An incredible 99-million-year-old chunk of amber contains several trapped marine gastropods, including an extinct ammonite, according to a new paper.
Amber is fossilized tree resin, and occasionally it preserves bits of plant and animal matter, like insects and bird feathers. But in this case, scientists from China, the United Kingdom, and the United States uncovered a rare example of marine animals trapped in amber. Not only is it exciting to find the shell of an ammonite—an extinct mollusk usually only seen as an imprint in rock—but it also offers scientists another way to establish when the amber was created.
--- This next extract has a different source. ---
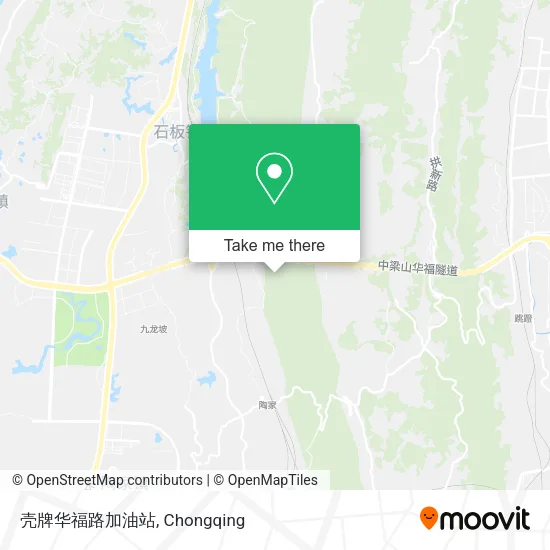 壳牌华福路加油站 map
The specimen came from an amber mine in northern Myanmar, a region famous for the diverse array of species found in its amber deposits. It’s a little over 1 inch long, a third of an inch wide, and 1 inch high, and weighs as much as six paperclips. At least 40 forest-dwelling invertebrate arthropod species were trapped inside the chunk of hardened goo, including mites, spiders, millipedes, cockroaches, and wasps. But it also contained at least four marine snail shells on top of the ammonite.
Ammonites were a mollusk that likely went extinct during the event that ended the Cretaceous period and killed the dinosaurs. They’re prized for their beauty as well as their value to science, since they serve as good reference tools to determine the age of the rock they were found in. They’re a ubiquitous symbol for marine paleontology, and there’s even a Pokémon named after them, Omanyte.
The researchers used an x-ray microscope in order to image the ammonite inside the amber. It appeared to be a juvenile with a shell diameter of 12 millimeters (a little less than half an inch). The shell was partially damaged, implying that the creature had died before it was included in the amber, according to the paper published in the Proceedings of the National Academy of Sciences.
It was an exciting find. “My first thought when I saw it was, ‘This is unreal,’” Phil Barden, assistant professor at the New Jersey Institute of Technology who reviewed the paper, told Gizmodo. “To see one trapped in amber—I was stunned.” Scientists generally consider fossils from the Burmese amber deposits to be 100 million years old, and the inclusion of the ammonite helps erase any doubt that they may have had, Barden said. It also lets scientists see the well-known ammonite in a new way.
How does a marine mollusk end up in tree amber? Well, it requires a lot of luck. Typically it’s insects that land in the resin (and there are lots of samples of insects in amber) but occasionally something weird might happen. Previous research has shown that the Burmese amber deposits come from coniferous forests, which can occur on coasts. Perhaps the shell sat on the sandy beach near a tree until the tree covered it in amber.
This specimen also lets scientists dream about what else might be hiding in an amber mine somewhere. Perhaps some amber has even preserved ammonite soft tissue. There’s so much amber, containing so many specimens, and the shore is such a dynamic place, that there’s no telling what else we might find.